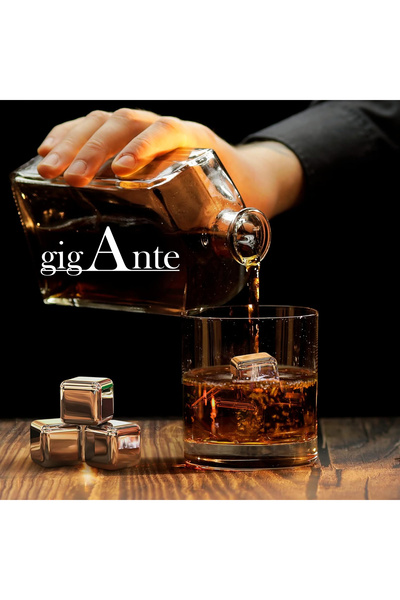 gigAnte 4'lü Jel Dolgulu Çelik Viski & Kokteyl Soğutucu – İçeceklerinizi sulandırmadan soğutur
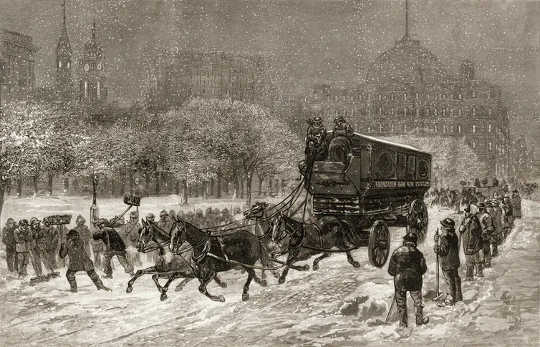 A wood engraving depicts a U.S. Mail wagon pulled by horses along Broadway during a snowstorm, New York, New York, circa 1886. 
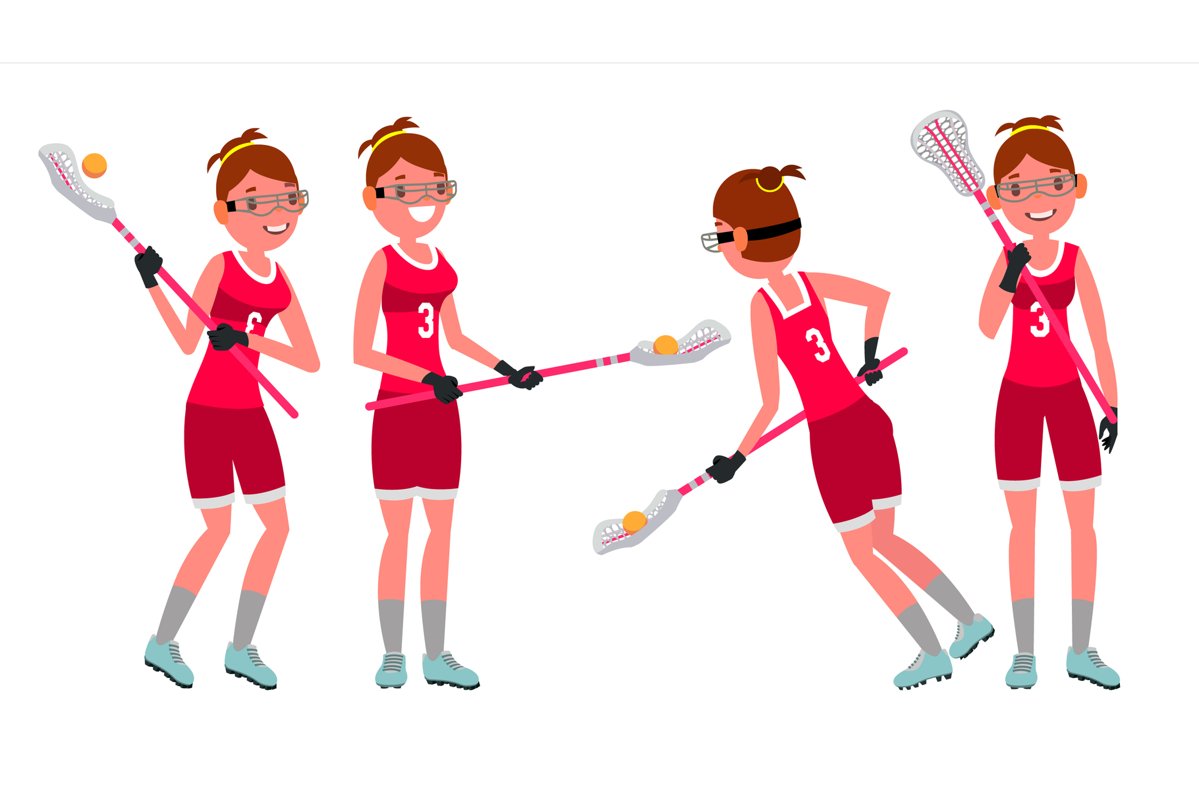 Lacrosse Female Player Vector. High School Or Colleges Girl. example image 1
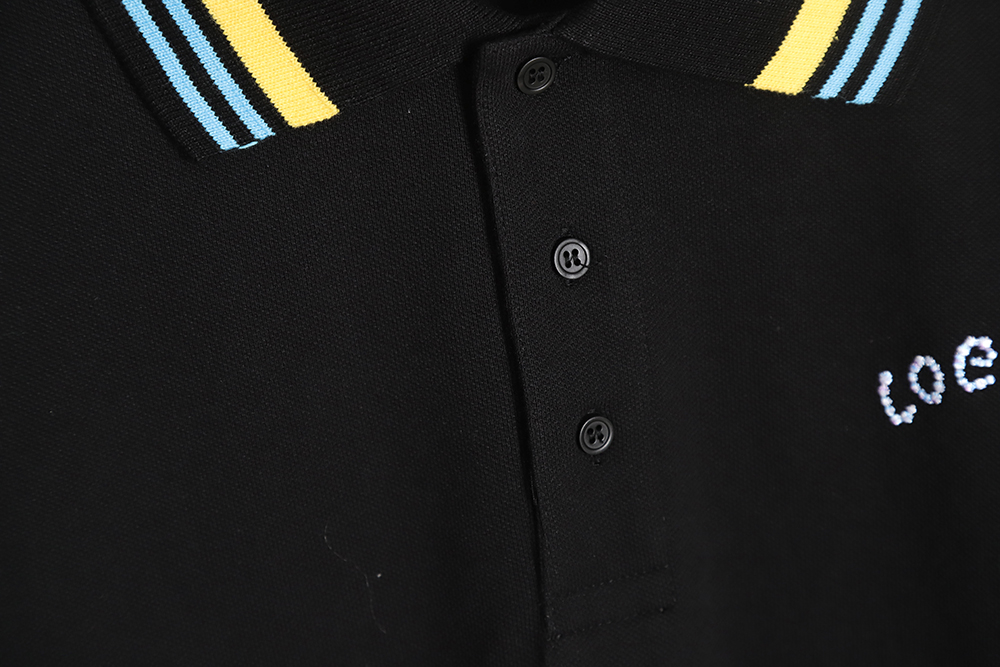 Loewe Luo Yiwei 23SS neckline striped Polo short-sleeved T-shirt TSK1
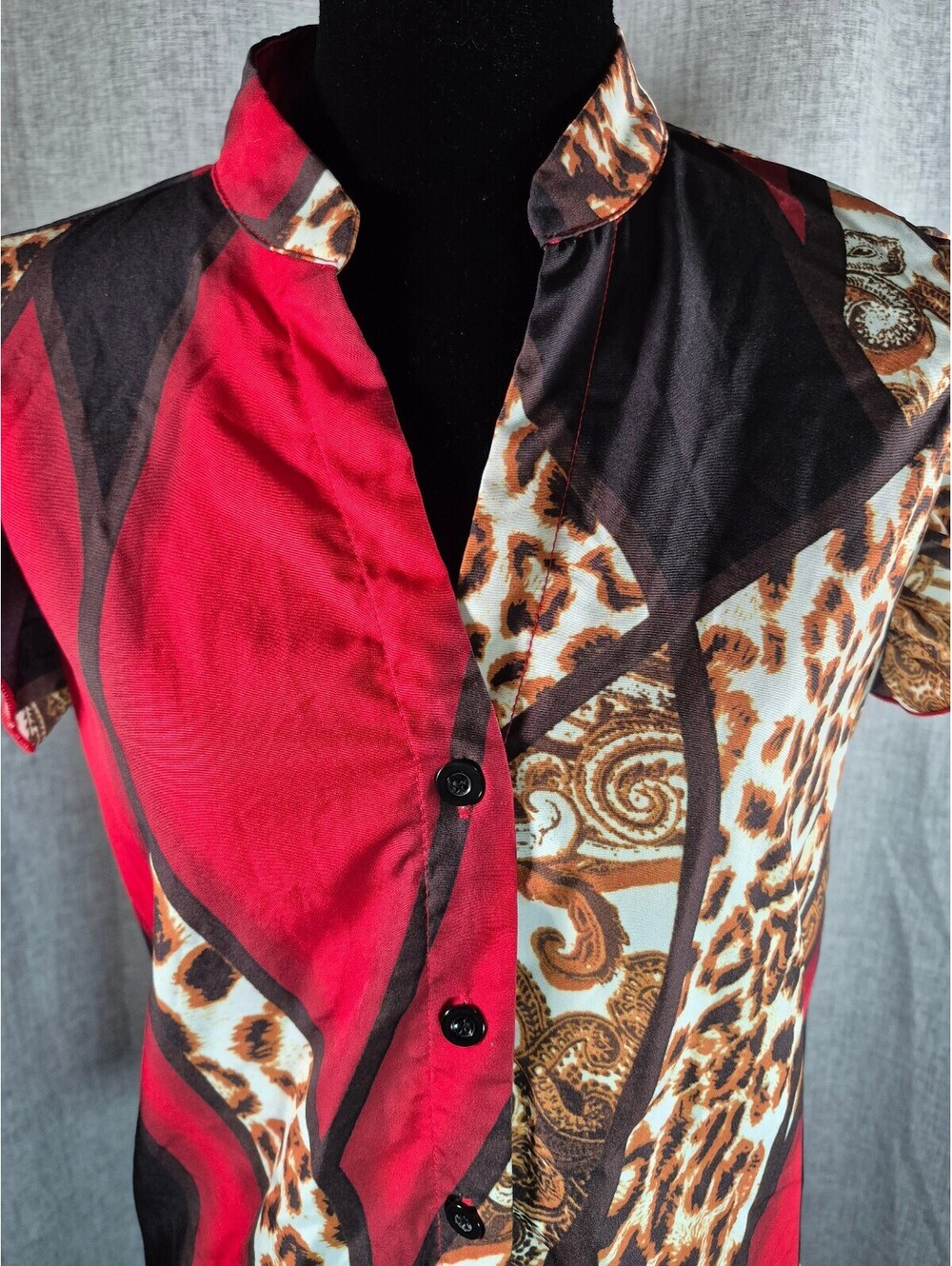 SHEIN Women’s Small Red Black Leopard Paisley Ruffle Sleeve Button Blouse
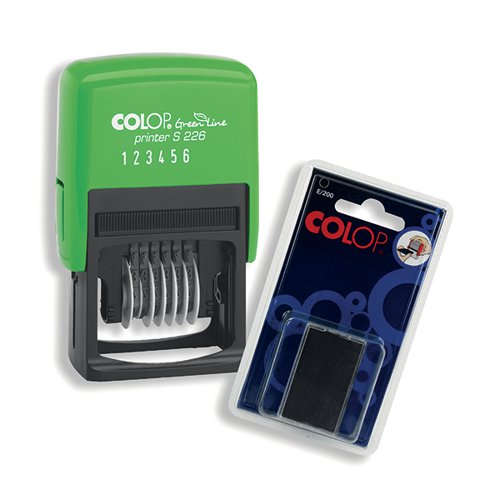 This environmentally friendly, self inking COLOP S226 Green Line Numbering Stamp is made from a minimum of 65% recycled materials. The stamp features 6 numbering bands from 0-9 and prints an impression size of 22 x 4mm. Included in this offer is a free pack of 2 black Colop E/200 Replacement Ink Pads E200BK. While stocks last.
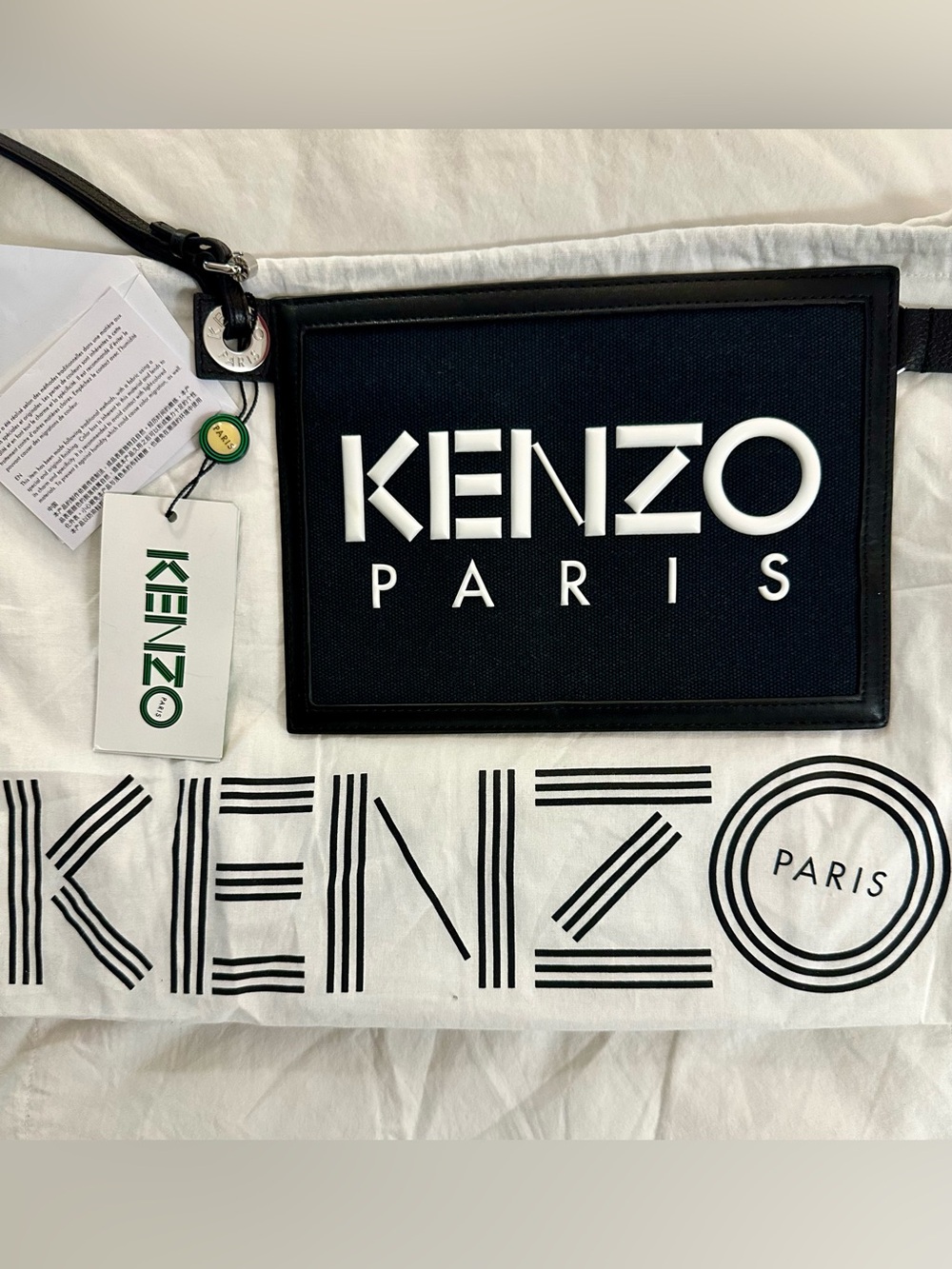 Kenzo Black Canvas Logo Wristlet with White Lettering - Picture 4 of 5
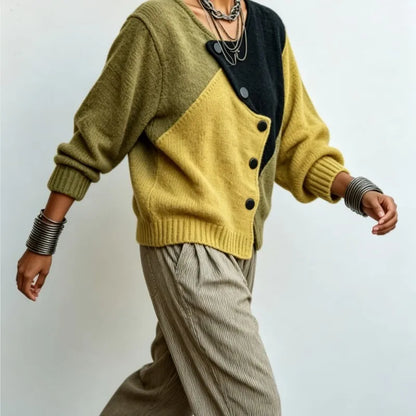Women Patchwork Knit Cardigan Asymmetric Button Long Sleeve Loose Sweater Coat Retro Casual Autumn Winter Female...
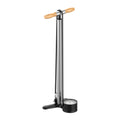 Lezyne Alloy Floor Drive 3.5 floor pump rendering with CNC-machined aluminum construction and wood handle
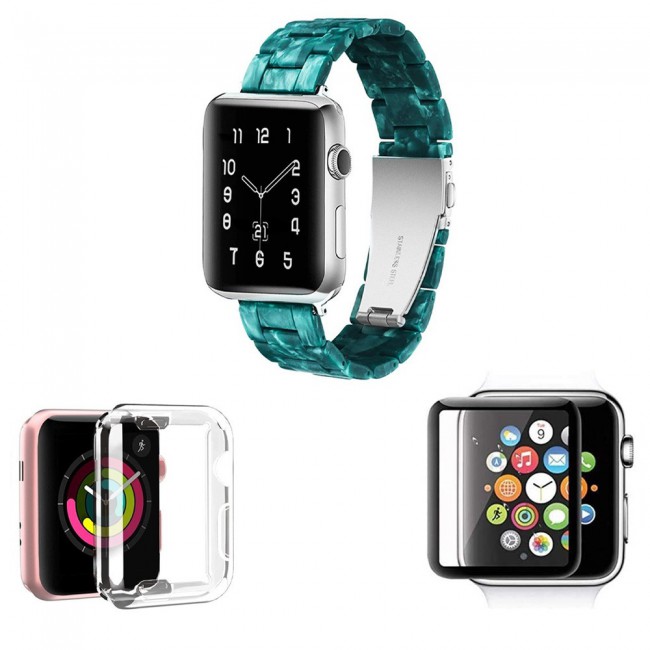 3Pack Apple Watch Band Resin Strap with TPU Protective Cover and 3D Screen Protector 44mm by Margoun - Marble Green
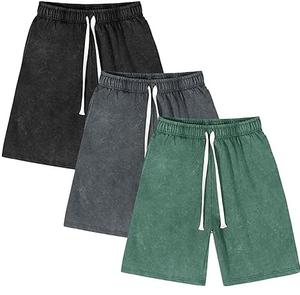 Pantalones cortos de algodón lavado ácido para hombre vintage con diamantes de imitación personalizados Sun Faded grueso lavado patrón sólido Jogging pantalones cortos franceses transpirables - Product Image 5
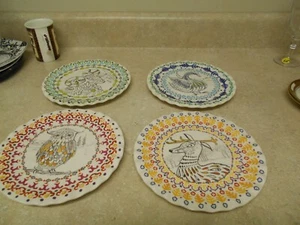 Set 4 Anthropologie Tula Earthenware Forest Fable Salad Plates 8 1/4" - Picture 1 of 5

What you have to do |
Using the material above, transcribe exactly the lines from the one holding "Loewe Luo Yiwei" to the one holding "SHEIN Women’s Small", both ends kept. Do not carry over any pictures.

Task response |
 Loewe Luo Yiwei 23SS neckline striped Polo short-sleeved T-shirt TSK1
 SHEIN Women’s Small Red Black Leopard Paisley Ruffle Sleeve Button Blouse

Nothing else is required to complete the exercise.